A review by bisexualwentworth
Malibu Rising by Taylor Jenkins Reid

challenging dark emotional hopeful reflective medium-paced
  • Plot- or character-driven? Character
  • Strong character development? Yes
  • Loveable characters? It's complicated
  • Diverse cast of characters? No
  • Flaws of characters a main focus? Yes

5.0

Only Taylor Jenkins Reid could make me care this much about straight surfers.

This book is a gorgeous and often heartbreaking picture of one celebrity family's experiences over the course of twenty-four hours, with flashbacks added in to explain their past, including the story of their parents.
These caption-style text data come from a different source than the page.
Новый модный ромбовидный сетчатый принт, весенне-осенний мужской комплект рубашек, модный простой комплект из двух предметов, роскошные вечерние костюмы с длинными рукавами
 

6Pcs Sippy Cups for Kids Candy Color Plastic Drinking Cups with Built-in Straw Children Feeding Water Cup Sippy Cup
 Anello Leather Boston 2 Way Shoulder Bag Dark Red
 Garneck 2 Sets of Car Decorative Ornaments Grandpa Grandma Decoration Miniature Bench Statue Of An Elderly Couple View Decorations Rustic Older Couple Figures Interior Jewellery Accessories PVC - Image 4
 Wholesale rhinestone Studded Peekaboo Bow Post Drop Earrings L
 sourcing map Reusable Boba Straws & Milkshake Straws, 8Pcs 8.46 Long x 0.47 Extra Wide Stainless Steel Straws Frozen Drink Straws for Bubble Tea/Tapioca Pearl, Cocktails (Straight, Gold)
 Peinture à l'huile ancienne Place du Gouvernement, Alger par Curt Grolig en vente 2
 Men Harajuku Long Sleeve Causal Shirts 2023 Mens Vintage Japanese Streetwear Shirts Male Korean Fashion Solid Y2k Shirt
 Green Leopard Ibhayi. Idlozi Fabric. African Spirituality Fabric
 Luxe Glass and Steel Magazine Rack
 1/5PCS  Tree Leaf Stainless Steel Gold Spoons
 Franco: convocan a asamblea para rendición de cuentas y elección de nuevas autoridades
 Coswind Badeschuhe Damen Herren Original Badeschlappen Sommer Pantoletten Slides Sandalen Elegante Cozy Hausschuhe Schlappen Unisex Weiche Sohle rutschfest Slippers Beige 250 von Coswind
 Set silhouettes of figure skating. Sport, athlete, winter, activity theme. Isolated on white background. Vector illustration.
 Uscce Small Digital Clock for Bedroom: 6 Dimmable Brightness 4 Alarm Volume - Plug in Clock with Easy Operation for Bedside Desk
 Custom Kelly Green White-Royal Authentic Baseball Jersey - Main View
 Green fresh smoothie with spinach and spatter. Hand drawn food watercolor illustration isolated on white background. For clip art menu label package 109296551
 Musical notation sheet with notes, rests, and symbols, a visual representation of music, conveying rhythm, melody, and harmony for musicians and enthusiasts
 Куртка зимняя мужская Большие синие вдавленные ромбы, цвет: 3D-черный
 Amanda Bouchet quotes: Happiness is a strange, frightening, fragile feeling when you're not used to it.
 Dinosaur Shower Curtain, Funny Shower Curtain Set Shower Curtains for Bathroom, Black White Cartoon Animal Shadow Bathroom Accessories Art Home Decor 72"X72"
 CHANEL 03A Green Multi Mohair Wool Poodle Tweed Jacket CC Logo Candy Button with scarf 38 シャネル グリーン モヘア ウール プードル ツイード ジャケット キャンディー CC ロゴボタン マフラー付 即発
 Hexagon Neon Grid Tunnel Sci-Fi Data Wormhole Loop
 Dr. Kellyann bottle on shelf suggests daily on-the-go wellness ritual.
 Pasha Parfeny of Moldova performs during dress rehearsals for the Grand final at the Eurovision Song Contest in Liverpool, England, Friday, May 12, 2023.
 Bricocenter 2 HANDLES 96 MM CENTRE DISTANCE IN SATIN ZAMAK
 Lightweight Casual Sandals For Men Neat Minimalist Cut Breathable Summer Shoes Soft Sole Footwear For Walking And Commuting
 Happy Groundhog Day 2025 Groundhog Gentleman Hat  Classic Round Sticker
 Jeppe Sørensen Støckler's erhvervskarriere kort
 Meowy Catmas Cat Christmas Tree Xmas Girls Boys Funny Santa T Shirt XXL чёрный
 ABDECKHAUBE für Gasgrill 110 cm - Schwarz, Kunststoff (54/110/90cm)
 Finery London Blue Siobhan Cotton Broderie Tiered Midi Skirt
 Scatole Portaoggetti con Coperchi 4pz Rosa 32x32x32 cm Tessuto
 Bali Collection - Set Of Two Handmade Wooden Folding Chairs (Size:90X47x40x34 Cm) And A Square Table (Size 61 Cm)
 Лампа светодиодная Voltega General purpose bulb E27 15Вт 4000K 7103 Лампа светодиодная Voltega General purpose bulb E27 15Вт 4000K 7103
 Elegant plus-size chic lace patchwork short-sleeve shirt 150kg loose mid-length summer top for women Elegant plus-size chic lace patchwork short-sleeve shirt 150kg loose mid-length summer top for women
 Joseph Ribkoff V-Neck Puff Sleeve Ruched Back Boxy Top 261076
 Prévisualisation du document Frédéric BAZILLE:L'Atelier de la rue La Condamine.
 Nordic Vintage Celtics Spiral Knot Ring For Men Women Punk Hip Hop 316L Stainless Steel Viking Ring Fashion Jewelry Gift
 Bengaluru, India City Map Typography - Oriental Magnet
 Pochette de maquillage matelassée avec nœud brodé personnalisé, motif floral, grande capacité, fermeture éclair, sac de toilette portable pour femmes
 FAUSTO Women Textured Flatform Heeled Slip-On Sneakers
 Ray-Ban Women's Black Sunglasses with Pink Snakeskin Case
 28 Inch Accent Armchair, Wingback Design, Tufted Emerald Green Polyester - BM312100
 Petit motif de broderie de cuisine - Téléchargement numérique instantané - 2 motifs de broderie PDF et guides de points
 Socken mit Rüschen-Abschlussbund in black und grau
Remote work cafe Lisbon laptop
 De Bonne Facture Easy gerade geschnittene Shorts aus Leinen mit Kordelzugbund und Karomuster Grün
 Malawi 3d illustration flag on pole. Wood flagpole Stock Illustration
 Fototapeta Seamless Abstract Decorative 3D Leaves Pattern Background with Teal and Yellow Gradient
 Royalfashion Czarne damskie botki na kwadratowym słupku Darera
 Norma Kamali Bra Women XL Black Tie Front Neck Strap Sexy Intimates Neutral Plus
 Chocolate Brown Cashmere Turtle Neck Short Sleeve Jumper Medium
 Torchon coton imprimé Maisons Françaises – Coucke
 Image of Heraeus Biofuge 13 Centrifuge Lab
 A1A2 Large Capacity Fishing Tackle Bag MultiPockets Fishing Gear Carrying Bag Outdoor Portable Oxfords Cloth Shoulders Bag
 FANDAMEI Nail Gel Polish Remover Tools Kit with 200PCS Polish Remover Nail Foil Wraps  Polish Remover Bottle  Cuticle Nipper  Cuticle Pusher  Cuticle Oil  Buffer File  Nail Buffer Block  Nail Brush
The Rivas are very much stuck repeating family patterns and turning into their parents, and I think this book asks whether it's possible to escape that. It's a study in cycles of toxicity and grief and duty and the ways that gendered behavior perpetuates through generations of a family. And yet I felt good at the end of it.

TJR once again tricked me into briefly thinking that fictional celebrities are real people—and yes, the Rivas' father is Mick Riva, who was briefly married to Evelyn Hugo. From what I've gathered, he also appears in Daisy Jones and the Six, which I am intending to read sometime in the next couple weeks.

I related to this book in ways that I'm not comfortable admitting, so instead of talking about that, I'm going to leave you with some favorite quotes:

"The unique combination of audacity and spinelessness."
"She'd never once looked at a man and desired him."

"They were not haunted by the same demons. They were not fighting for the same things."
"Men were bullshit. People were bullshit. And Nina was not going to live through bullshit while wearing high heels a single second longer."
"Hud can fuck all my ex-girlfriends ten times in front of me and I'd still like him more than I like you."

"Rich white people get the benefit of the doubt and all its many benefits."